#### Task to complete:
Every record must be copied out exactly.

(Collected data)
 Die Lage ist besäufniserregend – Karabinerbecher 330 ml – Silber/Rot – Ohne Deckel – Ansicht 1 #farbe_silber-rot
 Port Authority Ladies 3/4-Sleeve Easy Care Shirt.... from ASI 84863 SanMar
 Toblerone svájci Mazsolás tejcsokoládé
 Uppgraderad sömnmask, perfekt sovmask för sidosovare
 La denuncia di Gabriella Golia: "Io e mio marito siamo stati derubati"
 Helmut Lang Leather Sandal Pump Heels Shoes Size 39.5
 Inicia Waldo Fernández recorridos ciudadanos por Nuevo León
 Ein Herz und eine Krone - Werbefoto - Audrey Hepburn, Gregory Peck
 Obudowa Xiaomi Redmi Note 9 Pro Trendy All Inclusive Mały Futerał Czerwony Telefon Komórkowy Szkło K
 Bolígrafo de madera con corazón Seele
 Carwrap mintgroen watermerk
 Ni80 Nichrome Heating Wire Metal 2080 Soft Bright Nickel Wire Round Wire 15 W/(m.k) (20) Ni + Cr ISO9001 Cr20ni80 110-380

#### Task result:
 Die Lage ist besäufniserregend – Karabinerbecher 330 ml – Silber/Rot – Ohne Deckel – Ansicht 1 #farbe_silber-rot
 Port Authority Ladies 3/4-Sleeve Easy Care Shirt.... from ASI 84863 SanMar
 Toblerone svájci Mazsolás tejcsokoládé
 Uppgraderad sömnmask, perfekt sovmask för sidosovare
 La denuncia di Gabriella Golia: "Io e mio marito siamo stati derubati"
 Helmut Lang Leather Sandal Pump Heels Shoes Size 39.5
 Inicia Waldo Fernández recorridos ciudadanos por Nuevo León
 Ein Herz und eine Krone - Werbefoto - Audrey Hepburn, Gregory Peck
 Obudowa Xiaomi Redmi Note 9 Pro Trendy All Inclusive Mały Futerał Czerwony Telefon Komórkowy Szkło K
 Bolígrafo de madera con corazón Seele
 Carwrap mintgroen watermerk
 Ni80 Nichrome Heating Wire Metal 2080 Soft Bright Nickel Wire Round Wire 15 W/(m.k) (20) Ni + Cr ISO9001 Cr20ni80 110-380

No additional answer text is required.